# Tambour Doors



## Mark Karacsonyi (24 Oct 2020)

Hi all,

Has anyone any experience in making the rollover top, type of tambour doors. They are to make bread bins.

I need to make approx 15 of these, for a startup business. More orders may follow.

I have a suspicion this will be a router table project. Nearly forgot. The door ‘slats’, need to interlock.


----------



## Felix (25 Oct 2020)

I watched a video on Youtube about it as I wanted to make some for my T5 van, but made doors intstead...have a look at this


----------



## Mead Camans (25 Oct 2020)

If you can afford to, get a hold of the Amana router bit set. 
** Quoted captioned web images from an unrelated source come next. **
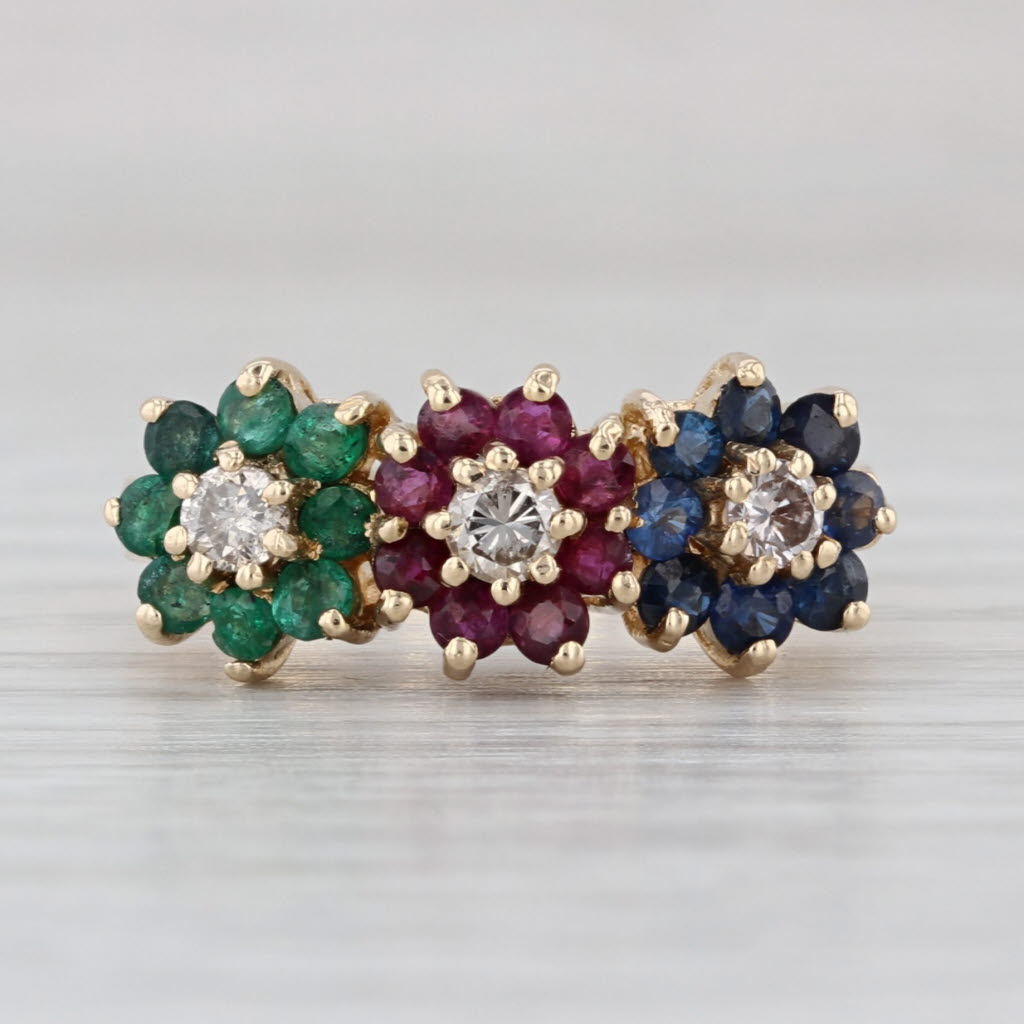 0.89ctw Diamond Emerald Ruby Sapphire Flowers Ring 14k Yellow Gold Size 6.25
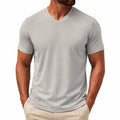 T-shirt da uomo L in tessuto grigio chiaro a maniche corte con scollo a V stile casual
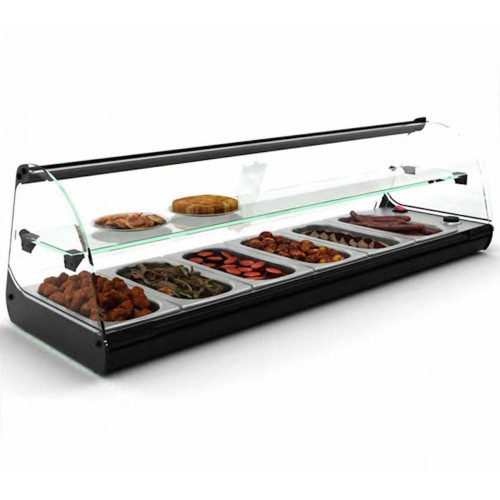 Comprar Vitrina calentador Sayl 1 estante 6 cubetas C26 en Pepebar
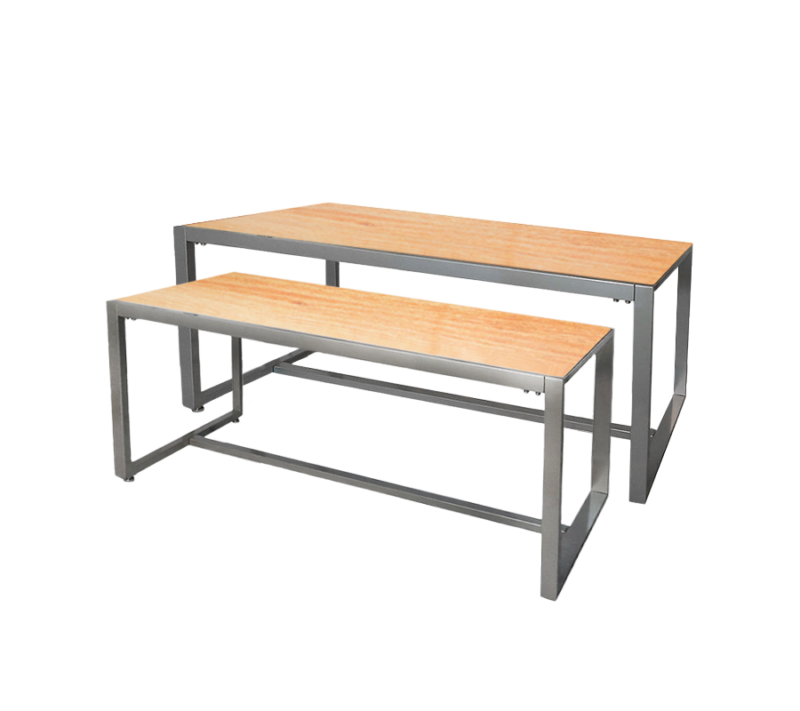Cherry & Maple Reversible Wood Top Table Set Maple Ver.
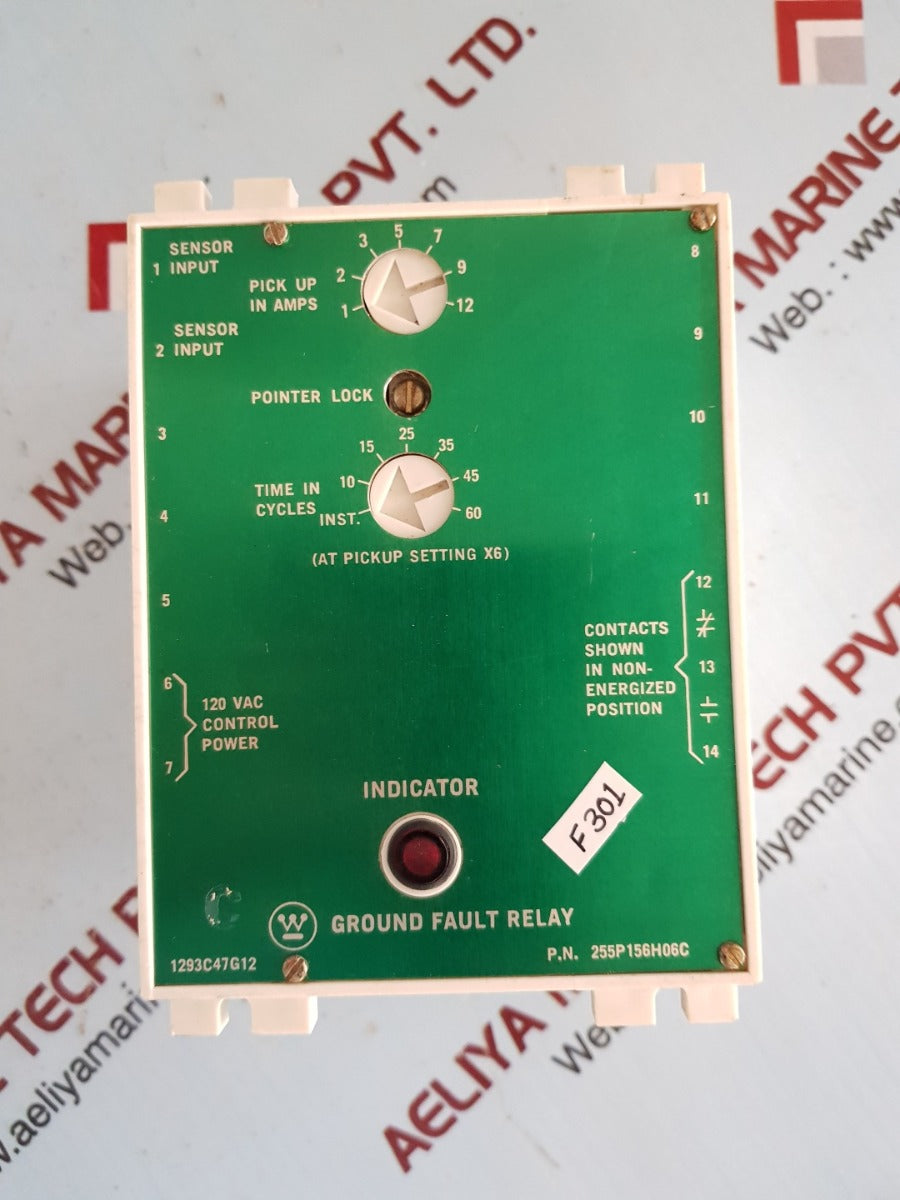Westinghouse 1293C47G12 Ground Fault Relay 120Vac-125Amps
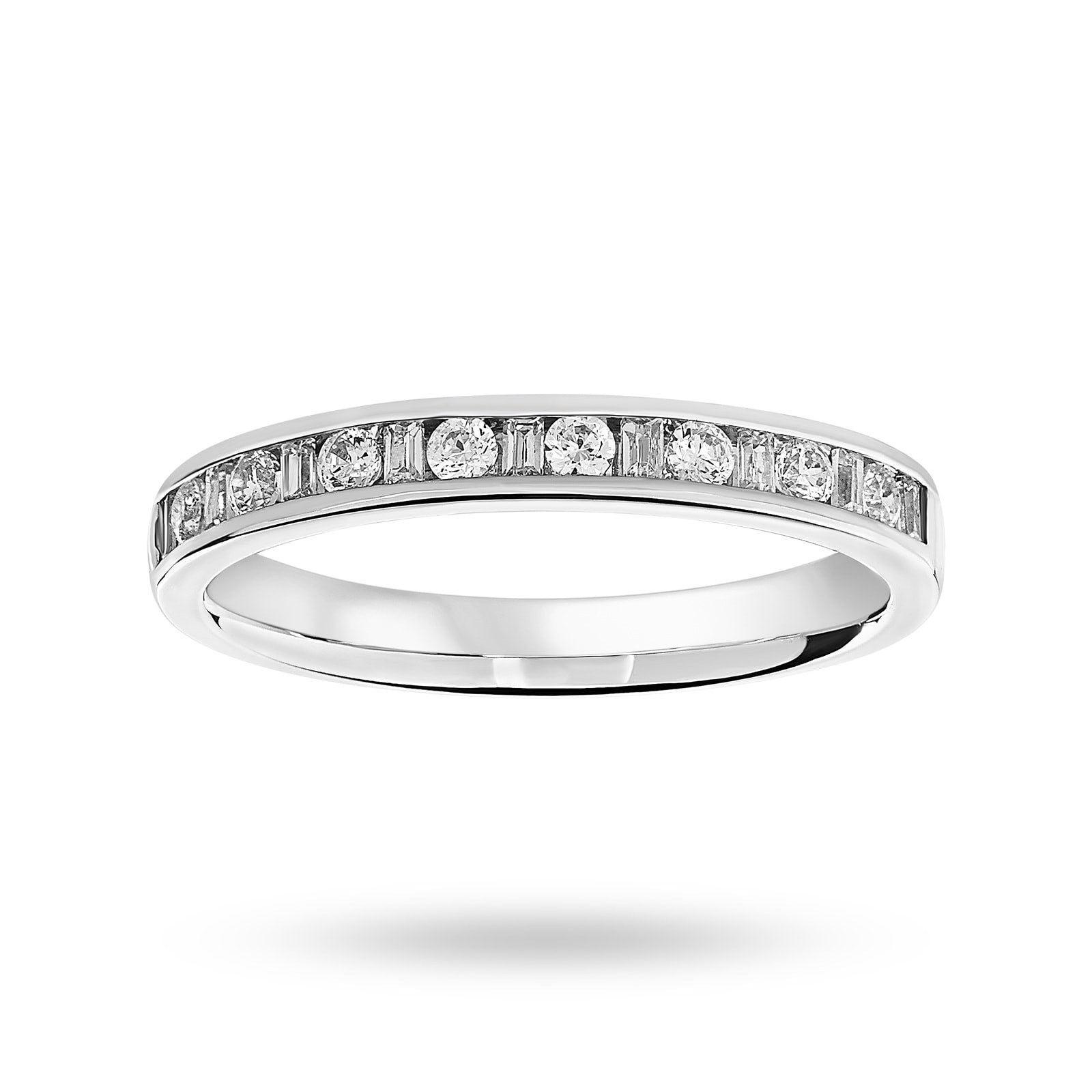 Platinum 0.25 Carat Dot Dash Half Eternity Ring - Ring Size O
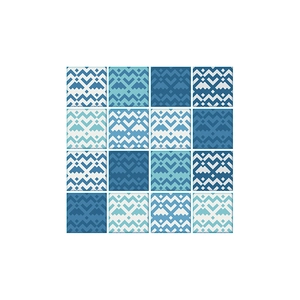 Blue geometric 16-piece self-adhesive wall tile stickers with wave and V-shaped patterns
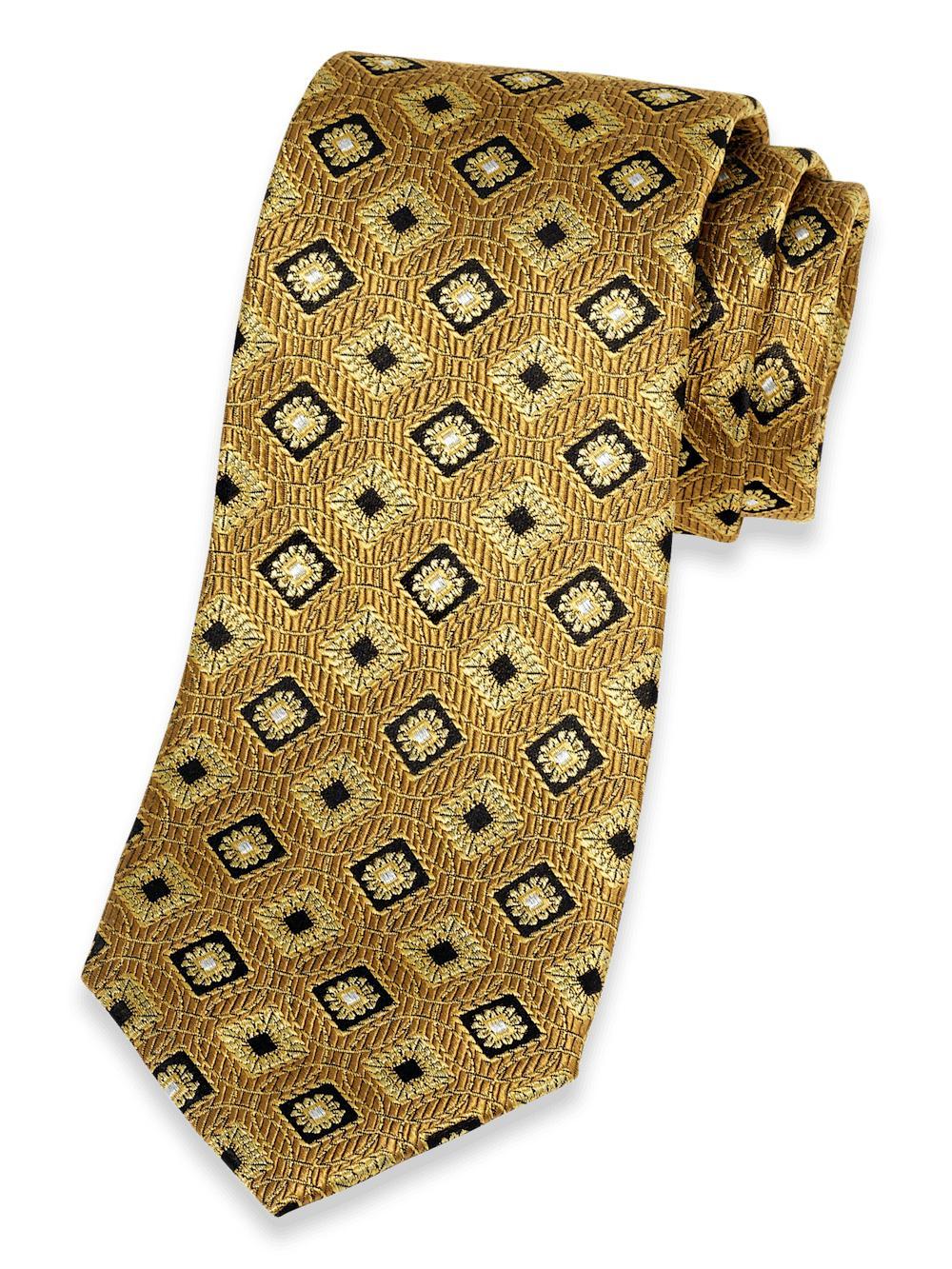 Medallion Woven Silk Tie - Gold Product Image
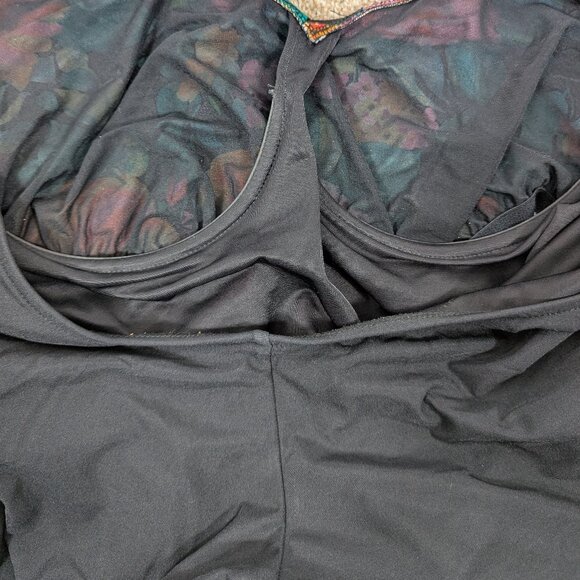 NWT Vintage Slimsuit Floral Black Crossover Slimming One Piece Bathing Suit 22W - Picture 3 of 7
Tambour Door/Appliance Garage Router Bit Sets - Door Making Router Bits - Industrial Quality, Rattle-Free from Amana Tool - Router Bits - Industrial Quality Carbide Tipped Bits from Amana Tool - Products


Industrial Quality Router Bits, CNC Router Bits, Saw Blades, Shaper Cutters, Boring Bits & Planer and Jointer Knives by Amana Tool




www.amanatool.com
 




Pretty easy to use and gives great results.


----------



## Mark Karacsonyi (25 Oct 2020)

Great thanks all. I will look at the store of Mr Sefton, and see if he stores the bits listed.


----------



## Mark Karacsonyi (25 Oct 2020)

bowmaster said:


> I watched a video on Youtube about it as I wanted to make some for my T5 van, but made doors intstead...have a look at this




Impressive, thanks for sharing. However I need the interlocking slat version. The linen backed version, will fail on food hygiene standards. Please don’t ask me why, I don’t make the rules.


----------



## Inspector (25 Oct 2020)

The thing I don't care for with the interlocking type is they usually result in a thick tambour which isn't an issue on a roll top desk but is on a breadbox that may only be a couple feet wide at most. Since you can't use cloth how about cable? There were a lot of tambours made with fine cable stringing the slats together. The kind of cable used for fishing leaders would work. Amazon.com : 49-Strand Cable Vinyl Coated 7x7 Stainless Steel Kit 30ft 175lb 1.0mm w/10 1.3mm crimps : Sports & Outdoors You might want to use canoe bits to make a cove and bead for the edges. If they become a going concern you could set up a gang drill to make the holes rather than individually. Monofilament fishing line itself might work but you'll have to test it to see if it has the longevity to do the job.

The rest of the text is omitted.